Les médecins du Pôle Santé Sud, de la maternité du Tertre Rouge et de la clinique du Pré, au Mans, ont décidé de cesser le travail du vendredi 9 janvier 2026 à 18 h jusqu’au mercredi 14 janvier 2026 à 18 h. Cette mobilisation s’inscrit dans le cadre d’un mouvement national des praticiens libéraux.

« C’est un message d’alerte qu’on envoie. On veut marquer le coup, leur montrer qu’on existe », explique le docteur Jean-François Xiberras, président de la commission médicale d’établissement du Pôle Santé Sud.

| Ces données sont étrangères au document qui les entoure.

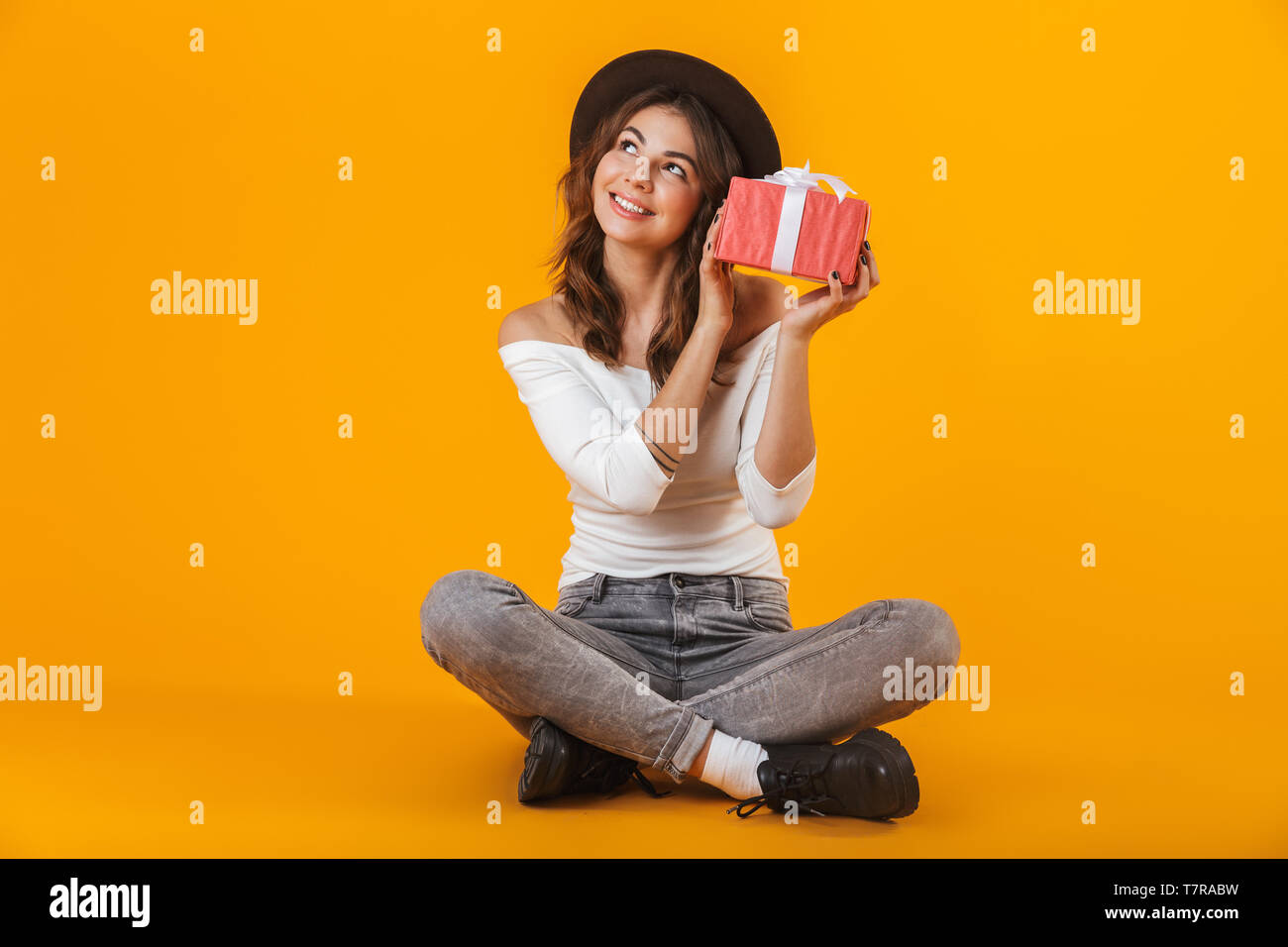 Portrait of a cheerful young woman wearing white shirt and hat sitting isolated over yellow background, holding gift box Stock Photo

Les urgences redirigées vers l’hôpital public

Selon France Bleu, durant toute la période de grève, les urgences ne seront pas assurées dans ces trois établissements privés. Les patients nécessitant une prise en charge urgente seront orientés vers le centre hospitalier du Mans.
« Sauf bien sûr pour une urgence vitale, on ne va pas renvoyer le patient », précise Jean-François Xiberras. Les consultations programmées restent, en revanche, maintenues et les rendez-vous honorés.

Les médecins dénoncent une pression financière croissante

Au total, 210 médecins exercent dans ces structures privées, et une large majorité soutient le mouvement. Les praticiens dénoncent le projet de loi de financement de la Sécurité sociale pour 2026, redoutant une « baisse autoritaire » des tarifs médicaux.
« Tout comme d’autres spécialités, on subit, de manière échelonnée, une baisse des tarifs de nos actes. En parallèle, on a une augmentation constante de nos charges notamment salariales, mais aussi les machines qui représentent des coûts très importants », détaille le docteur Victoire Cartier, radiologue.

Une demande de revalorisation des actes médicaux

Les médecins mobilisés réclament une revalorisation de leurs actes, jugée indispensable après deux décennies sans évolution tarifaire.
« Cela fait vingt ans qu’ils n’ont pas été revalorisés. On veut que, point par point, on revalorise certains actes, qui ne l’étaient pas suffisamment, compte tenu de l’évolution de la technique », insiste Jean-François Xiberras.
« On ne veut pas embêter les patients, ni nos collègues hospitaliers avec cette grève, mais on n’a plus le choix », ajoute la cardiologue Aurélie Denizot.